A thread in the Echo Lounge contains a number of observations about the size of MD5 space, searching it, appropriate use of MD5, its irrelevance (in a sense) to password storage, and so forth.

But it is good (and important) to point out that storing passwords as MD5 hashes on the server is no more secure when it comes to people trying to guess passwords than storing them in clear text; the security of storing MD5s of passwords comes from the difficulty it causes people who have managed to get access (legitmately or otherwise) to the stored passwords. Another recent thread which addresses this is here.

guyryan100

epimeth,
the md5'd password is "nothing" and it took, uh, 5 minutes to write the script, < 1 second to execute the script, and about 5 more minutes to remember my messageboard password so that I could post my reply.
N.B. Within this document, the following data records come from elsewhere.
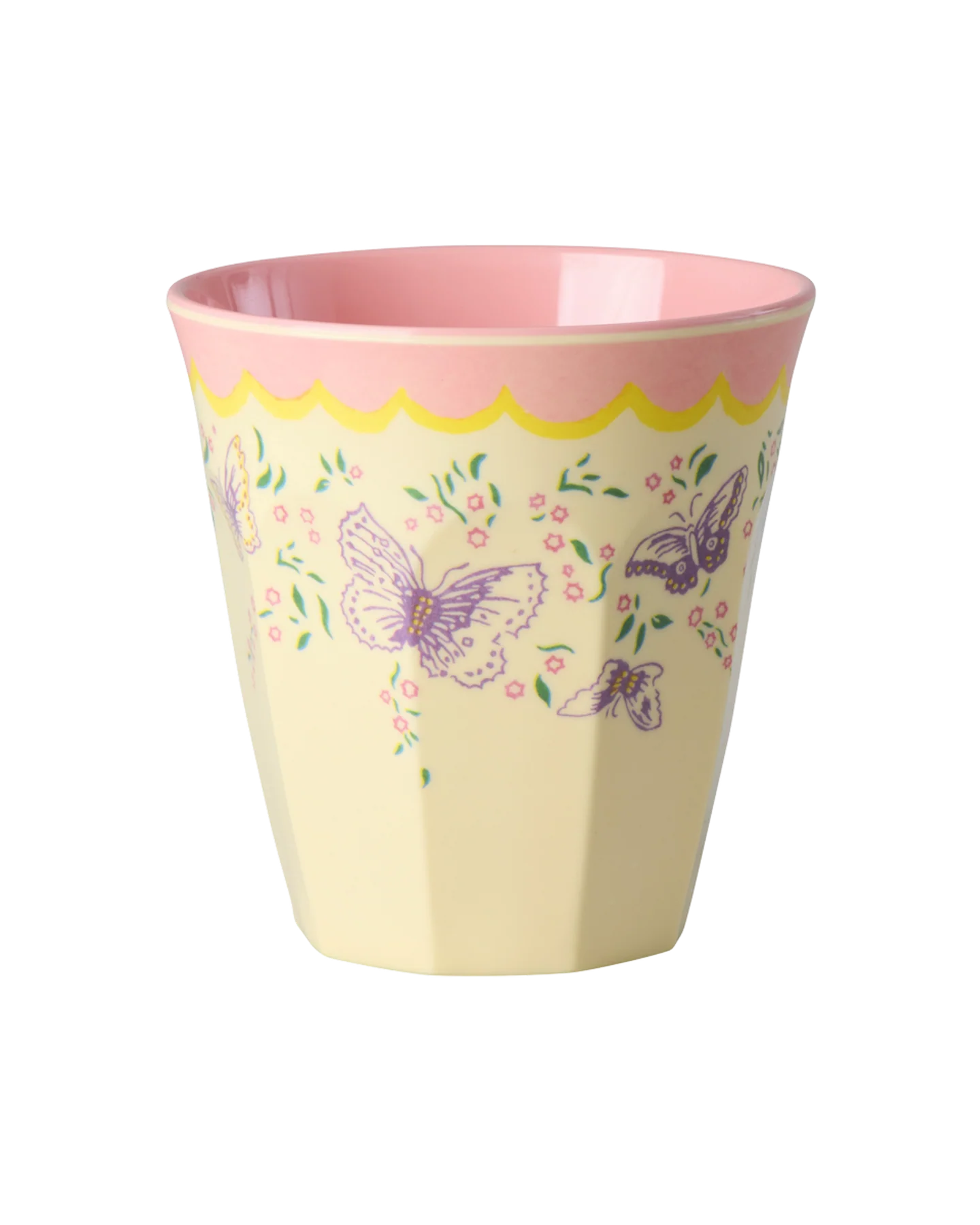 Medium Cup - Cream - Spread Your Wings Print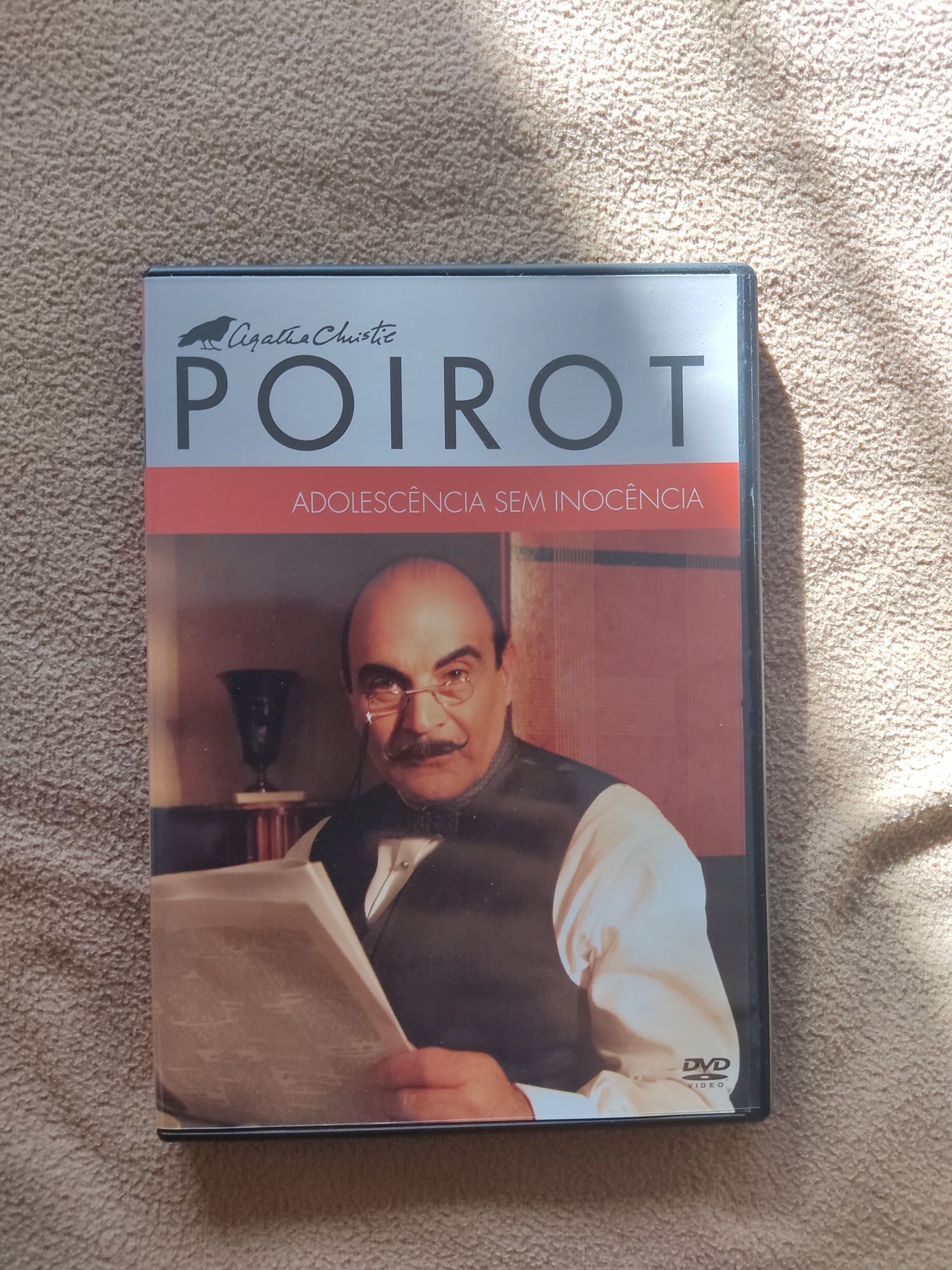 DVD Agatha Christie - Poirot Adolescência Sem Inocência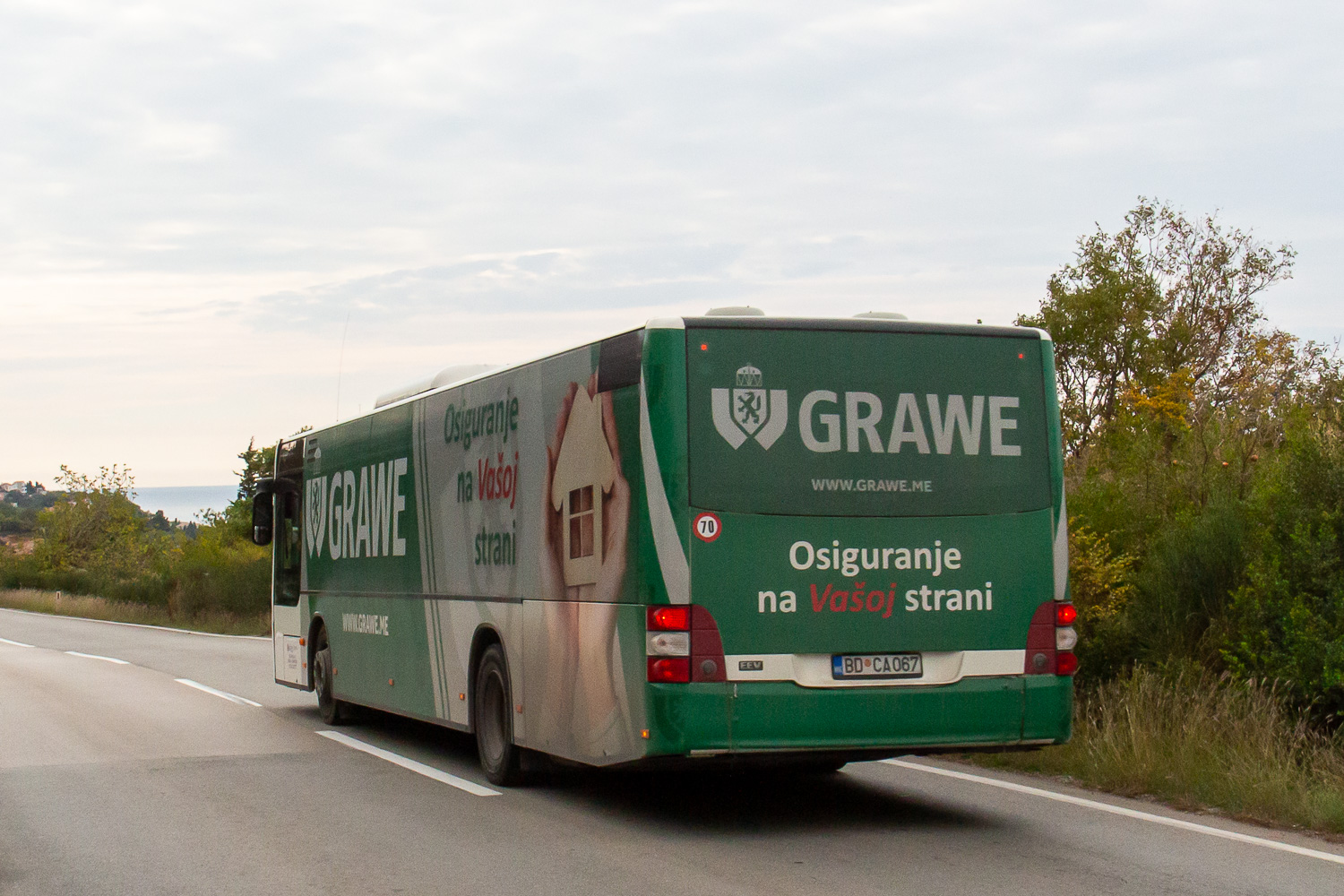 Черногория, MAN A21 Lion's City NL323 № BD CA067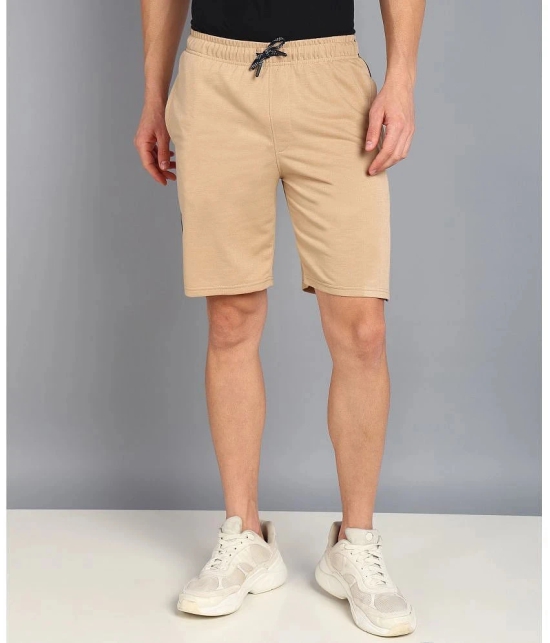 XFOX Khaki Blended Mens Shorts ( Pack of 1 ) - None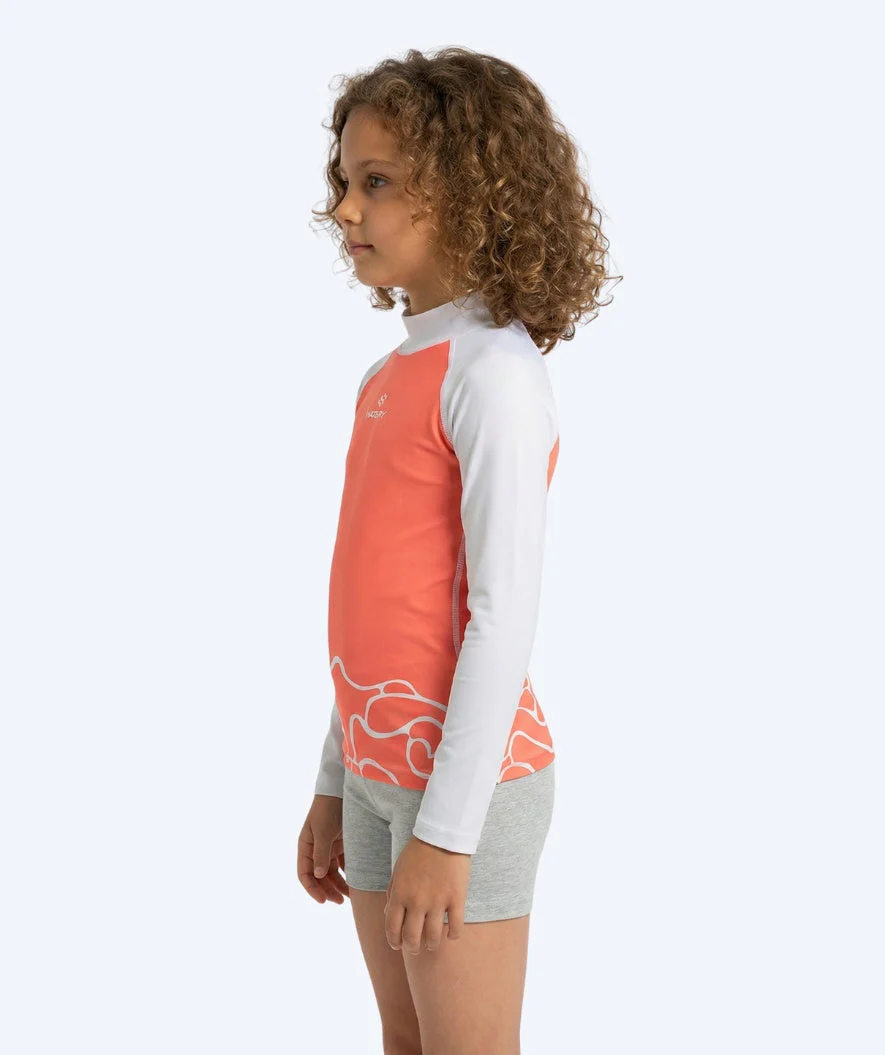 Watery koszulka UV dla dzieci - Chilton z długimi rękawami Rashguard - Jasnoróżowy/biały - Image 3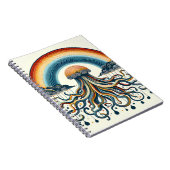 Regenbogenwolken und -endristen notizblock (Rechte Seite)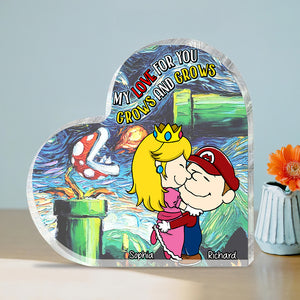 Personalized Gifts For Couple Heart Shaped Acrylic Plaque 02tgqn101224hg - Shaped Plaques - GoDuckee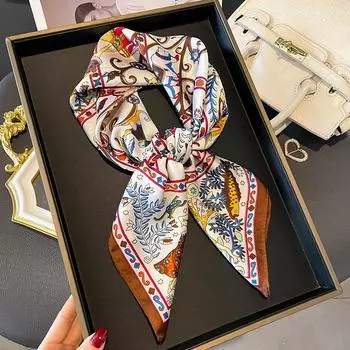 Летний модный квадратный шарф высокого класса для женщин 70 Temperament, солнцезащитный большой платок, солнцезащитный шелковый шарф 70-70CM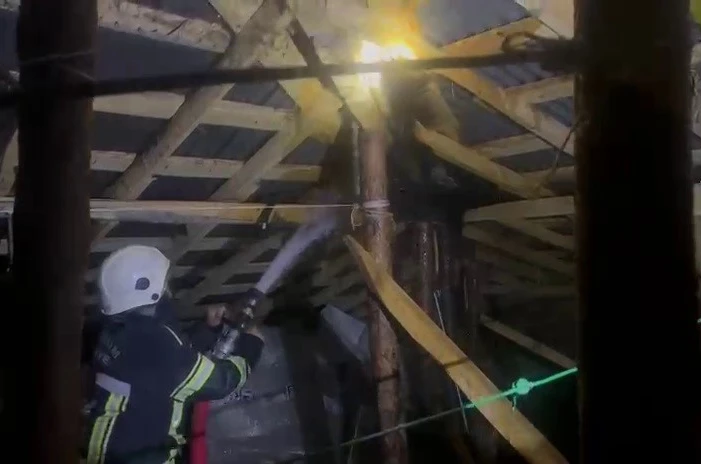 Erzurum’da korkutan yangın 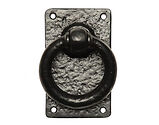 Kirkpatrick Black Antique Malleable Iron Gate latch (89mm Diameter) - AB717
The md5'd password: nothing

The code:
<?php
$dest_md5="3e47b75000b0924b6c9ba5759a7cf15d"; // find this
$handle = fopen ("c:/temp/webster", "r"); // list of words
while (!feof ($handle)) // for each word in list
{
$word = trim(fgets($handle, 20)); // get rid of any whitespace
$test_md5 = md5($word); // grab md5 of the word
if($test_md5 == $dest_md5) echo "Password Found: $word <br>"; // compare, if a match, display
}
fclose ($handle);
?>

HalfaBee's md5'd password is not a dictionary word, so the above code did not identify the match on his pw. one would have to try random strings to identify it - which, as he pointed out, would take a while.

superwormy

Wow...

Point well proven there... can't argue with that.

pjleonhardt

Originally posted by guyryan100
epimeth,
the md5'd password is "nothing" and it took, uh, 5 minutes to write the script, < 1 second to execute the script, and about 5 more minutes to remember my messageboard password so that I could post my reply.

The md5'd password: nothing

The code:
<?php
$dest_md5="3e47b75000b0924b6c9ba5759a7cf15d"; // find this
$handle = fopen ("c:/temp/webster", "r"); // list of words
while (!feof ($handle)) // for each word in list
{
$word = trim(fgets($handle, 20)); // get rid of any whitespace
$test_md5 = md5($word); // grab md5 of the word
if($test_md5 == $dest_md5) echo "Password Found: $word <br>"; // compare, if a match, display
}
fclose ($handle);
?>

HalfaBee's md5'd password is not a dictionary word, so the above code did not identify the match on his pw. one would have to try random strings to identify it - which, as he pointed out, would take a while.

owned

HalfaBee

And?

Weedpacket

Originally posted by pjleonhardt
owned

Pardon?

HalfaBee

Huh?